[Task objective] For the data below, restate word for word only the lines from the line containing "春の新緑や桜、夏の涼しげな不" through the line containing "Yakın - güzel", both ends included.

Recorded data
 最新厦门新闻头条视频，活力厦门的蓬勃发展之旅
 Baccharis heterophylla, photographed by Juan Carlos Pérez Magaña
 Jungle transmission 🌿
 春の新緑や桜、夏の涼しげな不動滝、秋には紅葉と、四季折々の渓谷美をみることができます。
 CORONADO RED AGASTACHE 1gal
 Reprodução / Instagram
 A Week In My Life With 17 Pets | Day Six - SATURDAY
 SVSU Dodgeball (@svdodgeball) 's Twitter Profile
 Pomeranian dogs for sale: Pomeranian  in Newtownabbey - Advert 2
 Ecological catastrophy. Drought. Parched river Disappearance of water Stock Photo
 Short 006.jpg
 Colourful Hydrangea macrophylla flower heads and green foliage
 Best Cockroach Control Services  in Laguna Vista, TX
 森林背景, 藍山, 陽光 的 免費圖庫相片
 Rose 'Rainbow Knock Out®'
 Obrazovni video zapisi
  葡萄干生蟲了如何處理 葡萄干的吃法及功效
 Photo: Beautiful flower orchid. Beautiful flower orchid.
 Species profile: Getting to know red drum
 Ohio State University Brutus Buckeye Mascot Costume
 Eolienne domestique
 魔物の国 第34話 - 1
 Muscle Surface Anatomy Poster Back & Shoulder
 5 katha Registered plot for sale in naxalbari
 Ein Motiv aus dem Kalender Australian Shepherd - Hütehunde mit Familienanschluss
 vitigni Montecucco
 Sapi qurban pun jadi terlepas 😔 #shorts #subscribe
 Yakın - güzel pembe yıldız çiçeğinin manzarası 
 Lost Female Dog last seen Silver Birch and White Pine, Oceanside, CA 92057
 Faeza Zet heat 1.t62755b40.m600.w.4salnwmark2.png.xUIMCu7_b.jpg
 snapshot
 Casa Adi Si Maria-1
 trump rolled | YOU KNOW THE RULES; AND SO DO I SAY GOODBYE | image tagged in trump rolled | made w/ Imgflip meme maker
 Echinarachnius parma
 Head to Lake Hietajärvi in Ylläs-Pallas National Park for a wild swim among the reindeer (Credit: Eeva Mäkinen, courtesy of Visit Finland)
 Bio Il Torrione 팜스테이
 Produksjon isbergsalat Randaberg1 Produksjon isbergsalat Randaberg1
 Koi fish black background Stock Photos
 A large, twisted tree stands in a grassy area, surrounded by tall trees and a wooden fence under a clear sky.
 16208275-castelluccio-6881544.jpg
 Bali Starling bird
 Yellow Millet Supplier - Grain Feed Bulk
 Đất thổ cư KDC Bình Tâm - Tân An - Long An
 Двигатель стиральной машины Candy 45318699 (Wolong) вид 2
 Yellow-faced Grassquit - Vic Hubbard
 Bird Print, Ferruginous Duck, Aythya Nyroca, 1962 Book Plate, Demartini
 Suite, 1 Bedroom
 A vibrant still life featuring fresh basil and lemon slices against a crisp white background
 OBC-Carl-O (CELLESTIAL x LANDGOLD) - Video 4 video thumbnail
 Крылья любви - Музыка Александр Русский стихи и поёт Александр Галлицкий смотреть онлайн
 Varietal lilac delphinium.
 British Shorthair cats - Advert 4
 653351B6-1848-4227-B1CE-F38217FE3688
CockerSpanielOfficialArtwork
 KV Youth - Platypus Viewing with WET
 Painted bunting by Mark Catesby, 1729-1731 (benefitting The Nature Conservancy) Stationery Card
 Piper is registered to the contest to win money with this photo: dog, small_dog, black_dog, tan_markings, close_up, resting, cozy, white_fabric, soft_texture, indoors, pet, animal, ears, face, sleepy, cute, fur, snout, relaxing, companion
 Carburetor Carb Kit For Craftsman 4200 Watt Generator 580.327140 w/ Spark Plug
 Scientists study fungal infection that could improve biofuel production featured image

[Solved problem]
 春の新緑や桜、夏の涼しげな不動滝、秋には紅葉と、四季折々の渓谷美をみることができます。
 CORONADO RED AGASTACHE 1gal
 Reprodução / Instagram
 A Week In My Life With 17 Pets | Day Six - SATURDAY
 SVSU Dodgeball (@svdodgeball) 's Twitter Profile
 Pomeranian dogs for sale: Pomeranian  in Newtownabbey - Advert 2
 Ecological catastrophy. Drought. Parched river Disappearance of water Stock Photo
 Short 006.jpg
 Colourful Hydrangea macrophylla flower heads and green foliage
 Best Cockroach Control Services  in Laguna Vista, TX
 森林背景, 藍山, 陽光 的 免費圖庫相片
 Rose 'Rainbow Knock Out®'
 Obrazovni video zapisi
  葡萄干生蟲了如何處理 葡萄干的吃法及功效
 Photo: Beautiful flower orchid. Beautiful flower orchid.
 Species profile: Getting to know red drum
 Ohio State University Brutus Buckeye Mascot Costume
 Eolienne domestique
 魔物の国 第34話 - 1
 Muscle Surface Anatomy Poster Back & Shoulder
 5 katha Registered plot for sale in naxalbari
 Ein Motiv aus dem Kalender Australian Shepherd - Hütehunde mit Familienanschluss
 vitigni Montecucco
 Sapi qurban pun jadi terlepas 😔 #shorts #subscribe
 Yakın - güzel pembe yıldız çiçeğinin manzarası 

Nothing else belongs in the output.